Argument: Competing Standards in a “Blizzard of Words”

In their brief to the Supreme Court, Endrew and his parents argued that a merely more than de minimis benefit is inadequate and contrary to Congress’s intention in IDEA, particularly as amended in 1997 and 2004. The proper standard is “substantially equal opportunities to achieve academic success, attain self-sufficiency, and contribute to society,” which they asserted can be gleaned directly from IDEA. The federal government filed an amicus brief in support of Endrew’s parents, but proposed a different standard: students with a disability must be afforded “an opportunity to make significant educational progress.” The government rooted its argument in IDEA and in the Supreme Court’s interpretation in Rowley that the law requires schools to provide “meaningful” access to an education.
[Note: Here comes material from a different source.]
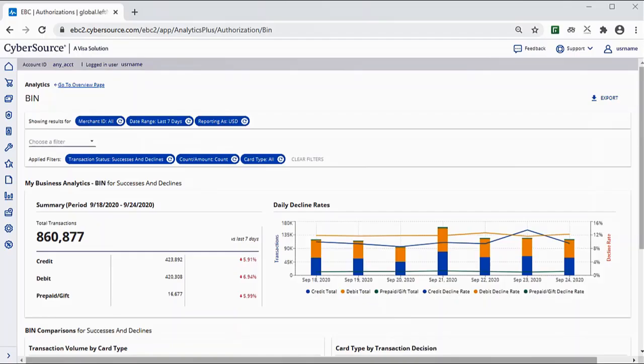CyberSource Historical Analytics provides deep payments intelligence insights. The Analytics Bin Dashboard allows you to analyze successes and declines as they relate to specific merchant IDs and issuing bins.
The school district argued that Rowley instead reveals that IDEA does not provide a true substantive standard, and is principally about procedural protections. It claimed that the Court should not be crafting a more specific substantive standard because doing so would violate the Spending Clause: states get federal education funds by agreeing to provide students with disabilities a FAPE, and changing what that means would be an unfair burden on the states. The district further argued that the more than de minimis standard is working, and is essentially the same as “some benefit” required by Rowley.

At oral argument, the justices seemed at times exasperated by the many different suggested formulations—which Justice Alito referred to as a “blizzard of words” facing the court—and raised questions about what any of them really mean. Justice Breyer noted that the Court lacks expertise in education and needs to rely on those who do, including the U.S. Department of Education. But amidst the uncertainty, the justices consistently questioned the merely more than de minimis standard advocated by the school district and used by the Tenth Circuit and other circuit courts. As Justice Ginsburg pointed out, this wording does not come from IDEA or Rowley. Several justices pushed the district’s attorney on whether the merely more than de minimis standard truly comports with the holding in Rowley, and how such a standard could both have “bite,” as the district’s attorney claimed, but still require only a nontrivial benefit to students with disabilities.
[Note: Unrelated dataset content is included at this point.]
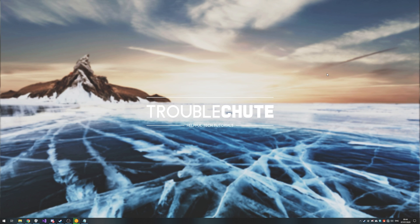But anyways, that's about it. Hopefully you found some use out of this short tutorial video. My name's TechNobo, here for Troubleshoot, and I'll see you all next time. Ciao!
But the justices also raised a number of challenges for Endrew’s parents and the government. Several, particularly Justice Kennedy, expressed concern about costs to already cash-strapped school districts that could be required to provide a heightened level of services to students with disabilities. The parents’ attorney tried to alleviate this worry, emphasizing that most students’ needs can be met by teachers and specialists already on staff, and that Congress made clear in IDEA that cost cannot prevent servicing students with more serious needs who require more than the local public school can provide. A number of the justices questioned how the proposed “substantially equal” standard would work for students whose disabilities would prohibit them from ever achieving grade-level standards. The parents’ attorney suggested that the answer lies in “alternative achievement standards,” drawn from the text of IDEA. But the justices seemed possibly more satisfied with how such students could fit within the government’s articulation, focused on significant educational progress “in the light of the child’s circumstances.”

In sum, it is not clear what standard, if any, the Supreme Court is likely to endorse. The justices’ remarks at argument may suggest disapproval of the merely more than de minimis standard, giving hope to parent and child advocates that the Court may reject it. But the justices also seemed concerned with capturing the right “nuance” among the many suggested formulations, particularly in light of anticipated future litigation. The Court’s decision is expected to be published by this summer.